In between the usual dose of Simon’s acerbic bites, Randy’s “dawg” barks and Paula’s eccentric stands, “Idol” will attempt to raise awareness for groups that help poverty-stricken children in the U.S. and in Africa. Event is set to air as part of “Idol’s” April 24 and 25 episodes.
As part of the campaign, “Idol” sponsors Coca-Cola and AT&T (along with other corporations) will donate money to a variety of charities for every vote cast by viewers. Ford will also donate via its weekly musicvideo, and the TV aud will be pointed to a toll-free line to make donations as well.
“American Idol” exec producer Simon Fuller, judge Simon Cowell and screenwriter-humanitarian Richard Curtis (“Four Weddings and a Funeral,” “Notting Hill”) — who helped organized the Live 8 concerts with Bob Geldof and Bono — are behind “Idol Gives Back.”

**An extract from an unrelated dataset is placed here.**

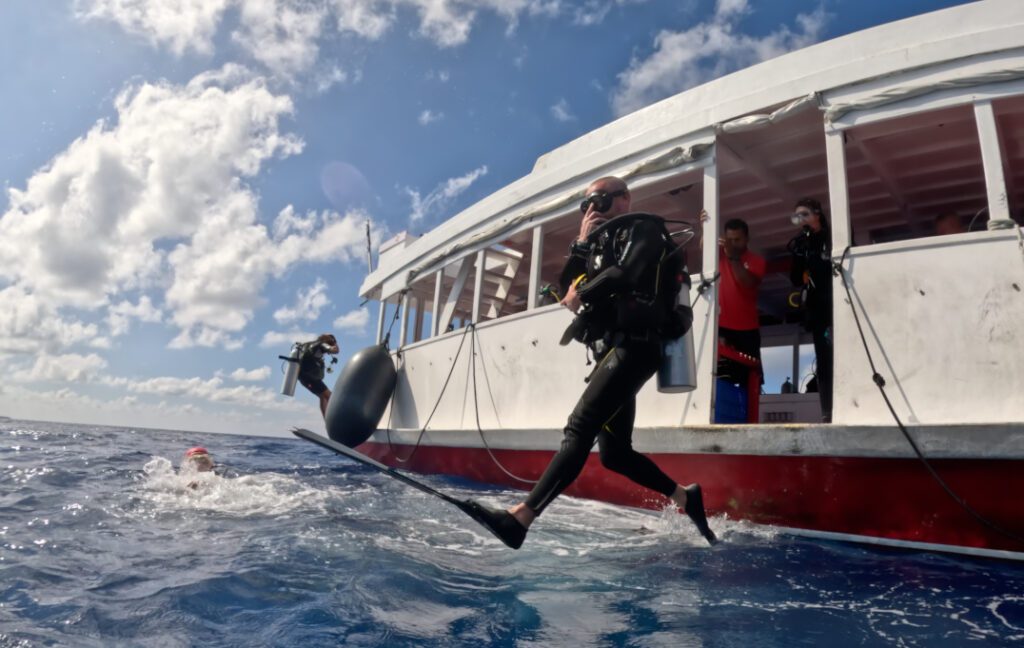 Alle Maldive, n subacqueo entra in acqua dal Dhoni con il passo del gigante.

“We felt it was a natural fit,” said News Corp. prexy-chief operating officer Peter Chernin. “For the past five seasons, viewers have fulfilled the dreams of the contestants. Now they have the chance to help us change the lives of children and young people in need and at risk, here in the U.S. as well as in Africa.”
During the two-night event, the six remaining “Idol” contestants will sing songs on the Tuesday episode that are considered uplifting “life anthems,” focused on “compassion and hope.”
The Wednesday night two-hour results show will feature artists and celebs including Gwen Stefani, Josh Groban, Pink, Annie Lennox and Sasha Baron Cohen (in character as Borat). Insiders say Stefani, Groban, Pink and Lennox will likely perform onstage.
Also potentially visiting the “Idol” stage that night: Bono himself.
“We’ll see worlds collide when Africa appears on America’s most-watched TV show,” Bono said in a statement. “This is a big deal. I wouldn’t underestimate the reach of this show or the impact its audience can have.”
Charities set to benefit from the event include the U.S. Fund for UNICEF; the Charity Projects Entertainment Fund; the Global Fight to Fund AIDS, Tuberculosis and Malaria; Save the Children; Nothing But Nets; and Malaria No More.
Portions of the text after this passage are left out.